YOUR INSTRUCTIONS: From the entries below, return only the lines starting at the one that contains "Heather Gray Washington" and ending at the one that contains "Anthropologie Maeve Orange", exactly as they stand.

[Stored data]
****************
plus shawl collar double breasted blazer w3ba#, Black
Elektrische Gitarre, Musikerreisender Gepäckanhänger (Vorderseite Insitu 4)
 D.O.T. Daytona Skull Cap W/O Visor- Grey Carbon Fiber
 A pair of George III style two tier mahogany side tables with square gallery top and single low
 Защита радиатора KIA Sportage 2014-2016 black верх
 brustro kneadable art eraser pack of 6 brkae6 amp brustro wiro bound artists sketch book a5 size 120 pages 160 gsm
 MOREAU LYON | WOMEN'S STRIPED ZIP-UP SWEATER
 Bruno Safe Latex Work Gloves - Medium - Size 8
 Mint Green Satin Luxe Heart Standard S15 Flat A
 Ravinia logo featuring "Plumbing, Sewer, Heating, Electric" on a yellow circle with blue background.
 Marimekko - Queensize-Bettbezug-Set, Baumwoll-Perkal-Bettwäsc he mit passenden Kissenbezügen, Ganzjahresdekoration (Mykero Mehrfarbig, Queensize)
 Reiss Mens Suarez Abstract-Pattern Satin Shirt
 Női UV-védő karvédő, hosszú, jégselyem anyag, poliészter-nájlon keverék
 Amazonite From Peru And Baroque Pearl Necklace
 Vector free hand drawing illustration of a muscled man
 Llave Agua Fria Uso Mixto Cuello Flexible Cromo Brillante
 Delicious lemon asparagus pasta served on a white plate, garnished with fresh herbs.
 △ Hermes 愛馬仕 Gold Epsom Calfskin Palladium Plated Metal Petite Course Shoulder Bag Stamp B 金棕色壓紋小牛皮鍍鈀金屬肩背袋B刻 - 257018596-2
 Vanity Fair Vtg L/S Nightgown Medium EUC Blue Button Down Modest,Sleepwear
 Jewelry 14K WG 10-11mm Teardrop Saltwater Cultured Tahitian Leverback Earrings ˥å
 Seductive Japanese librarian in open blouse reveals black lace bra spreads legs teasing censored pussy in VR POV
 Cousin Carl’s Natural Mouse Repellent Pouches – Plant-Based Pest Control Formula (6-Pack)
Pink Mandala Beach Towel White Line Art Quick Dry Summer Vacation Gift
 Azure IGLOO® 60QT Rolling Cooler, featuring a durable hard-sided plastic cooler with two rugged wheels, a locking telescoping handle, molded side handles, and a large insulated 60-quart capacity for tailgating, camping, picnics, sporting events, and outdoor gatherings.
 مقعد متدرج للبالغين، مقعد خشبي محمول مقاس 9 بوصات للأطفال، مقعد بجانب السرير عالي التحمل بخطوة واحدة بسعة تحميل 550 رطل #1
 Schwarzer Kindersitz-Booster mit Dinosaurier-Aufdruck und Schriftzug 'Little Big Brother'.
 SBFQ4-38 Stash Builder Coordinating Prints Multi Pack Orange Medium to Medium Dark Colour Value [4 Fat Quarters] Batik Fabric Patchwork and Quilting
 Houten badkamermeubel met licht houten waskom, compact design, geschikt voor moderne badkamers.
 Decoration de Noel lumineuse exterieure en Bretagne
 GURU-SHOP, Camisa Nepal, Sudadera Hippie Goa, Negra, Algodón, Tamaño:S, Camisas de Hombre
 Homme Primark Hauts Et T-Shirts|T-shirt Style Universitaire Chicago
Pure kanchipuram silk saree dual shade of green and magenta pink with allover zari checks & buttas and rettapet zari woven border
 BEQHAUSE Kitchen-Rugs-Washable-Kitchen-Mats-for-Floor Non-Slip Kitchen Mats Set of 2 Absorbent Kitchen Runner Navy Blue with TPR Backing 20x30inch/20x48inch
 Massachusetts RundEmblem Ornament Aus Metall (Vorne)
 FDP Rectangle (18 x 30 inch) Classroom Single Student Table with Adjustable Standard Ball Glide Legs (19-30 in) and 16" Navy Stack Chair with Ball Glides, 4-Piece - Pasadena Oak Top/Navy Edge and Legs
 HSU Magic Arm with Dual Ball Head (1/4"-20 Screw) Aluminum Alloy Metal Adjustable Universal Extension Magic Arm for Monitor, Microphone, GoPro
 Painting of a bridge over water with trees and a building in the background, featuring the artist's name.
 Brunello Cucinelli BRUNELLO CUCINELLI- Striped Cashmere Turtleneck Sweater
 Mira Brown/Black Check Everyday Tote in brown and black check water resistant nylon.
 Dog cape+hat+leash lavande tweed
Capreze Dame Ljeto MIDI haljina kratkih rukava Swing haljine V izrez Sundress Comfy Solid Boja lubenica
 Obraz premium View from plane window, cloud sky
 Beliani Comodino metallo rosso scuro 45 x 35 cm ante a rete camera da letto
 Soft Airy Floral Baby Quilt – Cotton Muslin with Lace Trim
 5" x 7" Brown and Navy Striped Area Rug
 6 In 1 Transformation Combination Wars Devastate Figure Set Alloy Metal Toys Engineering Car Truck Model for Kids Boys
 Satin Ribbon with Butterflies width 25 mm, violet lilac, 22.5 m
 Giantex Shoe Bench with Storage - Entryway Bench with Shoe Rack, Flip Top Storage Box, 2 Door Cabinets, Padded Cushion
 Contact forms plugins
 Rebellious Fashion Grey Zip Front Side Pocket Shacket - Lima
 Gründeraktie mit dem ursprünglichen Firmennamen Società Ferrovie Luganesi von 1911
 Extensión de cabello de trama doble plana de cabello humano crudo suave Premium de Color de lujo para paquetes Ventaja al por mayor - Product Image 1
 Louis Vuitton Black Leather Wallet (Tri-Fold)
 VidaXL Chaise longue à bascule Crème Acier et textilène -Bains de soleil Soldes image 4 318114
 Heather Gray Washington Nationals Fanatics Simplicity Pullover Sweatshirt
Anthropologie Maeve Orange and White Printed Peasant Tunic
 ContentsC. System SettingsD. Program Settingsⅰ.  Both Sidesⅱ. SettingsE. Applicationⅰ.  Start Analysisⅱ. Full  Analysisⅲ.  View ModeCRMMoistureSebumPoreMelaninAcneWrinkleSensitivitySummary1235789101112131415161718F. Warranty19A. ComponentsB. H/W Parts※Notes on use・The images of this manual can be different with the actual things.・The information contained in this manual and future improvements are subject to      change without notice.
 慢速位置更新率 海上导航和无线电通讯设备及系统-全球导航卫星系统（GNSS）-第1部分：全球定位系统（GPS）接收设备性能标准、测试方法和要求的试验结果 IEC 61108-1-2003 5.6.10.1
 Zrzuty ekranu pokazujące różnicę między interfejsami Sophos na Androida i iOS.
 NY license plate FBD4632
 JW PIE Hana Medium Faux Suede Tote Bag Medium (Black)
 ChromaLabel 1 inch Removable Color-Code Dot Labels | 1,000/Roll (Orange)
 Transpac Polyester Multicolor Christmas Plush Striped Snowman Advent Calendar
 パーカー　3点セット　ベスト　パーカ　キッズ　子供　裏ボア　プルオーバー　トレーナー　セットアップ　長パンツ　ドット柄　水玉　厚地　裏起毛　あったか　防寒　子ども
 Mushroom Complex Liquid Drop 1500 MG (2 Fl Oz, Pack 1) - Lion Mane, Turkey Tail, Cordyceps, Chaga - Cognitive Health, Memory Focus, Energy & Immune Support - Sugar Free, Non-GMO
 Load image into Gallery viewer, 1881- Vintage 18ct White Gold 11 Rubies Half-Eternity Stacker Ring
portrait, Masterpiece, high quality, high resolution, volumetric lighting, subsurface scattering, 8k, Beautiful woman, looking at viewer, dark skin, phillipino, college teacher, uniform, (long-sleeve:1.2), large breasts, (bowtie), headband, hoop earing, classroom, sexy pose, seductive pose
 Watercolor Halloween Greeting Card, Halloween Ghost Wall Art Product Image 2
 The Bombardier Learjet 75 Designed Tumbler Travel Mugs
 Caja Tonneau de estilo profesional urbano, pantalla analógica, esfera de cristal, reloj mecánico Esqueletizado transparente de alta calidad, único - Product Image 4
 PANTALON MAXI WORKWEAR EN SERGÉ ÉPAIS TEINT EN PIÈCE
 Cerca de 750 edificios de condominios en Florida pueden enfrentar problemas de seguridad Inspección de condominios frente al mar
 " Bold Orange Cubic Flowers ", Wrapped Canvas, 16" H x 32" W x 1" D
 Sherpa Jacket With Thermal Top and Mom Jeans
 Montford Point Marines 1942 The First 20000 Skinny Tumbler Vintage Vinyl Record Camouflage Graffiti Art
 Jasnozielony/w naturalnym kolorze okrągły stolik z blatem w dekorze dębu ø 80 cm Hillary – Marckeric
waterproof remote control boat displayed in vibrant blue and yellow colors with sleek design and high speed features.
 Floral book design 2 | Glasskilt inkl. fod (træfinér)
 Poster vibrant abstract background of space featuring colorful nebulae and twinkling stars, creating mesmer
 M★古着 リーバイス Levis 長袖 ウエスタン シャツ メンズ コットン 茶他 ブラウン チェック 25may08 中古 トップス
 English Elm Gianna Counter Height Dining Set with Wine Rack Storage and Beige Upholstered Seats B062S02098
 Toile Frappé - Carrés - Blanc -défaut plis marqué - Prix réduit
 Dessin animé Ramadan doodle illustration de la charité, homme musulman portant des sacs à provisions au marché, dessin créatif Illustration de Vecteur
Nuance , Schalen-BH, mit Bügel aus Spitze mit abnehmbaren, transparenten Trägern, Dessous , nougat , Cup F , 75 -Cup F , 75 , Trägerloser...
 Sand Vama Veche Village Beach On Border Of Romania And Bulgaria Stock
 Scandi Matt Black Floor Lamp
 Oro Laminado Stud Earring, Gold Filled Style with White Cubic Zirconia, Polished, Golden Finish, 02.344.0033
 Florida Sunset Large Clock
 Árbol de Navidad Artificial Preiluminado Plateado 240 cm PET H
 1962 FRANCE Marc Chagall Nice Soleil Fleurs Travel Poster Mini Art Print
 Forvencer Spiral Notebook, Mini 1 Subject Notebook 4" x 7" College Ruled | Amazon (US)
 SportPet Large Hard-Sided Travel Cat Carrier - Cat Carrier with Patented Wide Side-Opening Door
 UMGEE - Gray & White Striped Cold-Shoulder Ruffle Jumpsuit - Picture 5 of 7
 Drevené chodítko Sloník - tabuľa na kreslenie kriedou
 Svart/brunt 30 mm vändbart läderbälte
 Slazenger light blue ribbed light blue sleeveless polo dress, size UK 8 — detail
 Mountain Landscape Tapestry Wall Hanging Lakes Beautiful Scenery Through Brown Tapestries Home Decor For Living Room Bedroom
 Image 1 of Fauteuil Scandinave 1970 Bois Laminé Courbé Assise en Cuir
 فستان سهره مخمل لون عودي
****************
ANSWER TO THIS TASK:
 Heather Gray Washington Nationals Fanatics Simplicity Pullover Sweatshirt
Anthropologie Maeve Orange and White Printed Peasant Tunic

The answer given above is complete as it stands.